Work task: Your copy of the entries below should hold exactly the lines from the one containing "Dissolved oxygen and" to the one containing "If you're looking", inclusive, and no pictures.

Data for this exercise: Begin

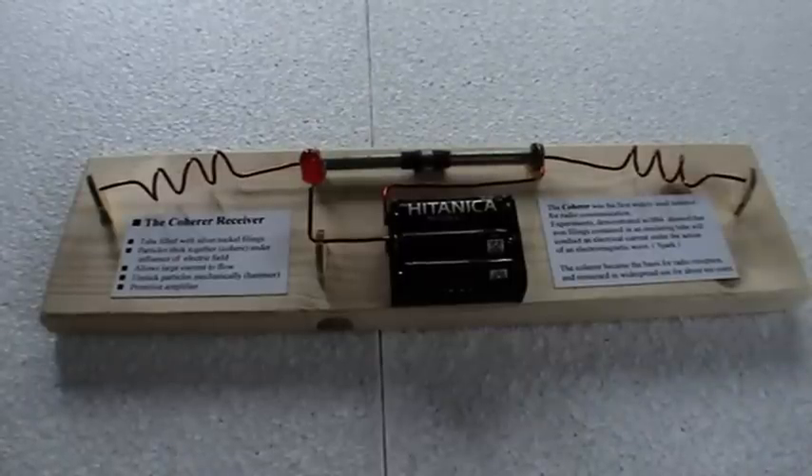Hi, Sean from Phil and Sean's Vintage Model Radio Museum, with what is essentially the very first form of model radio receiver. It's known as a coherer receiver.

Data for this exercise: End
Data for this exercise: Begin

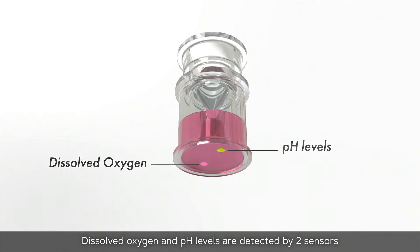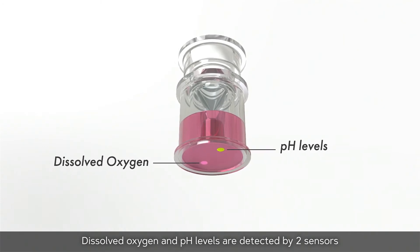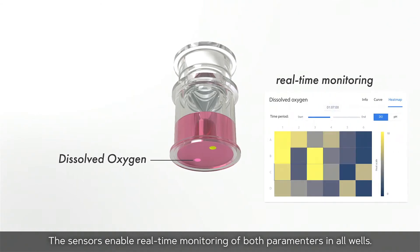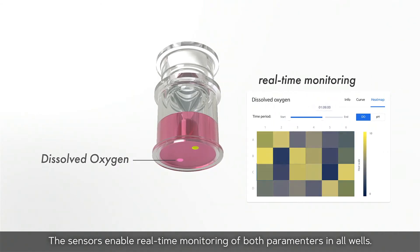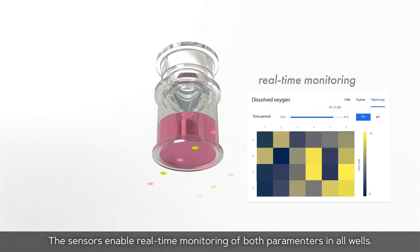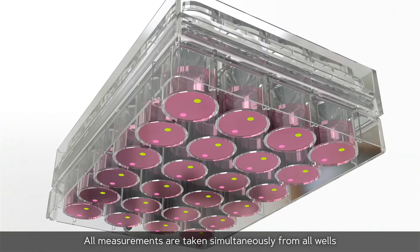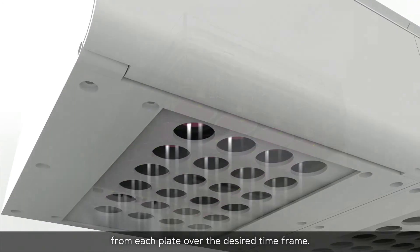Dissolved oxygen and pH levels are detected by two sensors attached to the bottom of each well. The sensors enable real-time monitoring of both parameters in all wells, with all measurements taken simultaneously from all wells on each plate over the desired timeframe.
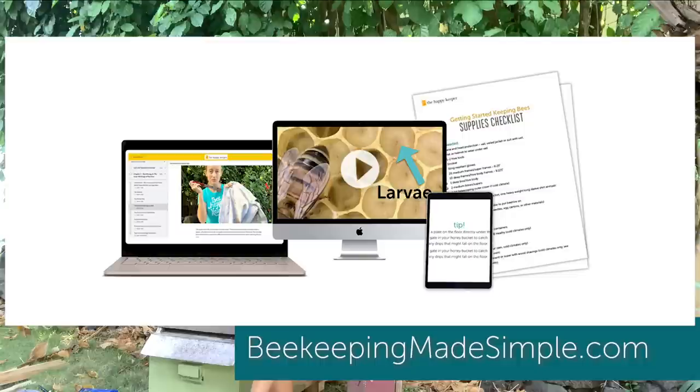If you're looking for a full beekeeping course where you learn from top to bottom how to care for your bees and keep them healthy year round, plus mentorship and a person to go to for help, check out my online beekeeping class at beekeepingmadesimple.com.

Data for this exercise: End
Data for this exercise: Begin

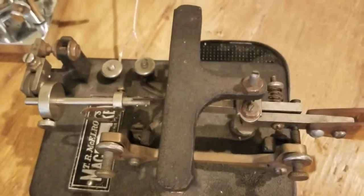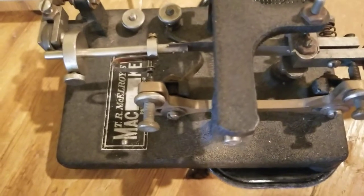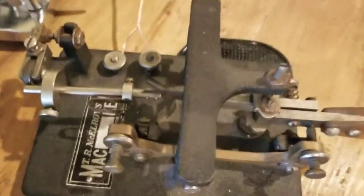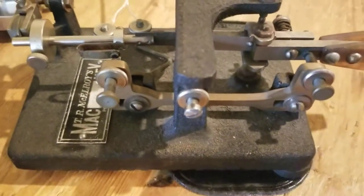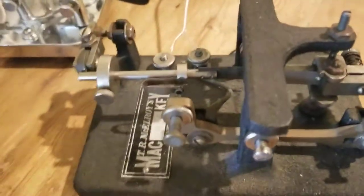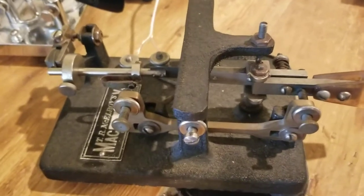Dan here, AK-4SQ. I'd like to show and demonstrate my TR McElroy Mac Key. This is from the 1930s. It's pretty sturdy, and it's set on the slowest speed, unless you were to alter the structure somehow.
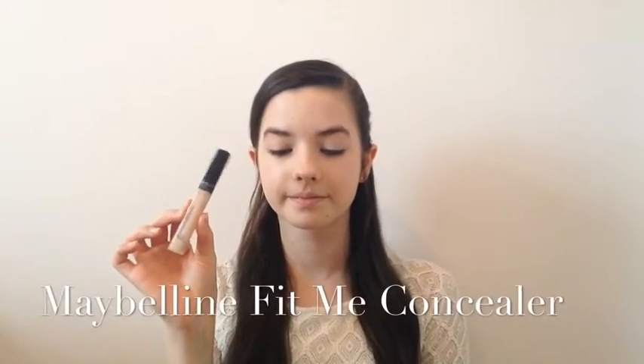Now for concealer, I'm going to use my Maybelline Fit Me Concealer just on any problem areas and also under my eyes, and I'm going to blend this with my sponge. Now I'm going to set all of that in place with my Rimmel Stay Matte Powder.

Data for this exercise: End

Solution to the problem:
Dissolved oxygen and pH levels are detected by two sensors attached to the bottom of each well. The sensors enable real-time monitoring of both parameters in all wells, with all measurements taken simultaneously from all wells on each plate over the desired timeframe.
If you're looking for a full beekeeping course where you learn from top to bottom how to care for your bees and keep them healthy year round, plus mentorship and a person to go to for help, check out my online beekeeping class at beekeepingmadesimple.com.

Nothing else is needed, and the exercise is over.